A content marketing strategy based on the buyer’s journey isn’t enough.

Why? First, prospects often encounter content from your brand that the content marketing team didn’t create. Second, the journey shouldn’t end when they become customers.

Buyer engagement today requires a circular approach to content as your journey with the audience isn’t linear and shouldn’t end with the purchase. And that holistic view requires companies to better organize their content operations.
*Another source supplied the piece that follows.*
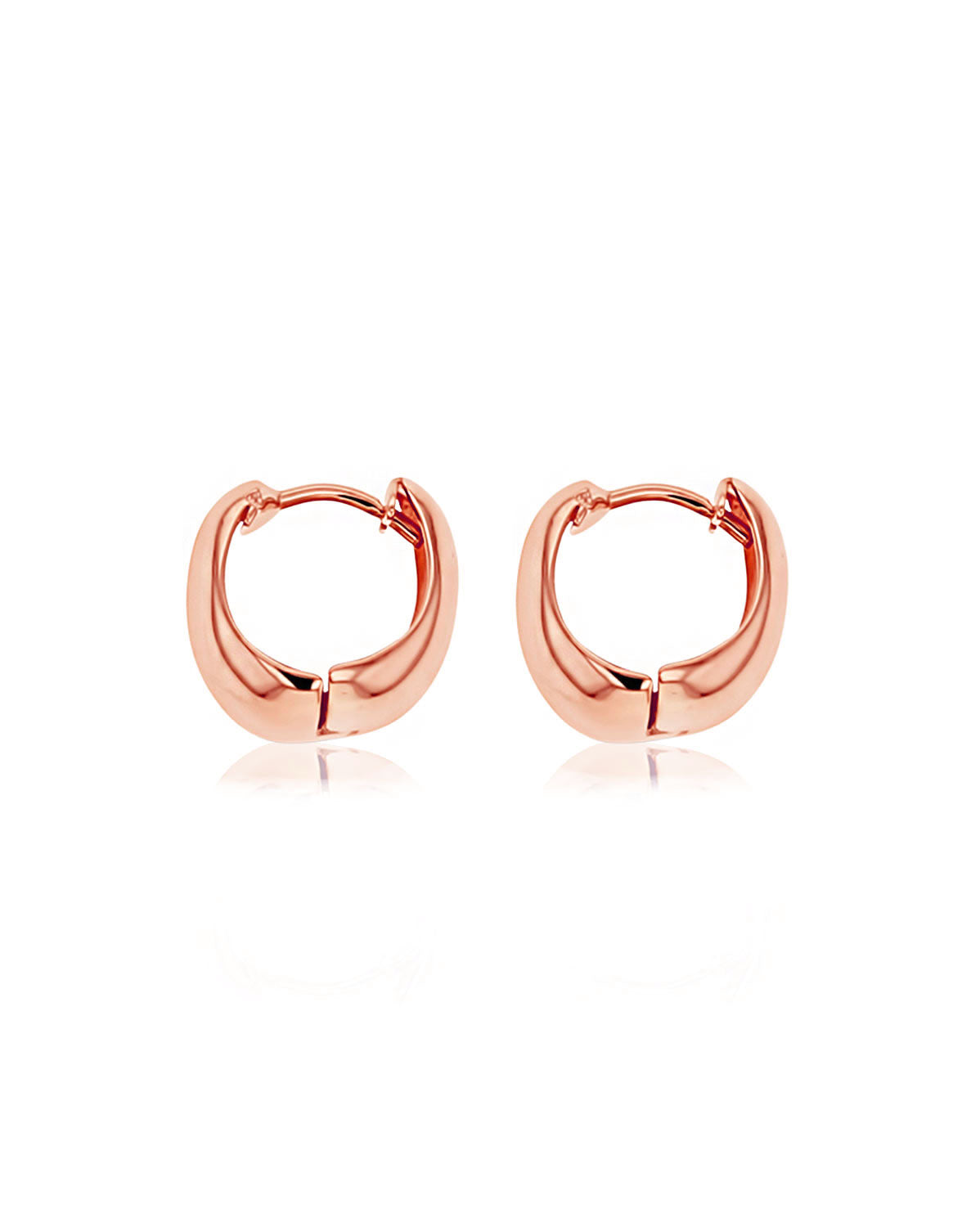 (Pair) Cardi Hoops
Buyer engagement today requires a circular approach to #content. Your journey with the audience isn’t linear and shouldn’t end with the purchase, says @AnnGynn via @CMIContent. #ContentTECH Click To Tweet

The marketing department often owns content operations within a company. But success requires close collaboration with other internal teams (such as sales and customer service) and a willingness to extend content beyond the marketing and sales cycle.

It takes work –and teamwork.

But how do you get everyone (content, marketing, sales, customer support, and more) working together to give audience members, prospects, buyers, and customers the content they need? We asked experts presenting at the upcoming ContentTECH Summit for advice. Here’s what they suggest.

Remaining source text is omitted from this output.